Data |
----------------------------------------

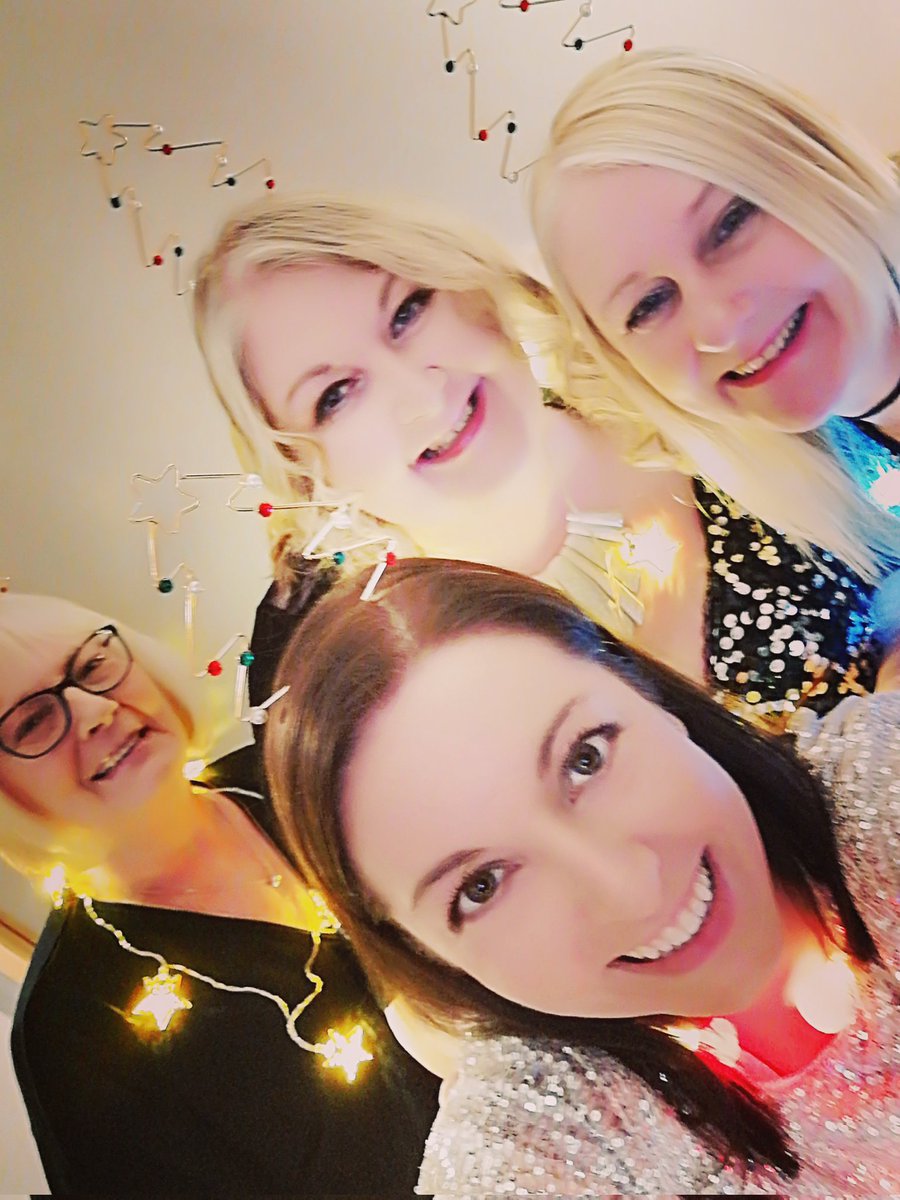 Bit of Monday Cardiff GB Tour pre gig preparation  <a href="/GaryBarlow/">Gary Barlow</a> @MotorpointDiff
🏴󠁧󠁢󠁳󠁣󠁴󠁿🏴󠁧󠁢󠁷󠁬󠁳󠁿🎶❤️🎄

#GaryBarlow #cardiff #Mondayvibes #MondayMotivaton #mondaymusic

----------------------------------------

Exercise prompt | Nothing but the pictures should be left out when the material above is copied.

Your response |
 Bit of Monday Cardiff GB Tour pre gig preparation  <a href="/GaryBarlow/">Gary Barlow</a> @MotorpointDiff
🏴󠁧󠁢󠁳󠁣󠁴󠁿🏴󠁧󠁢󠁷󠁬󠁳󠁿🎶❤️🎄

#GaryBarlow #cardiff #Mondayvibes #MondayMotivaton #mondaymusic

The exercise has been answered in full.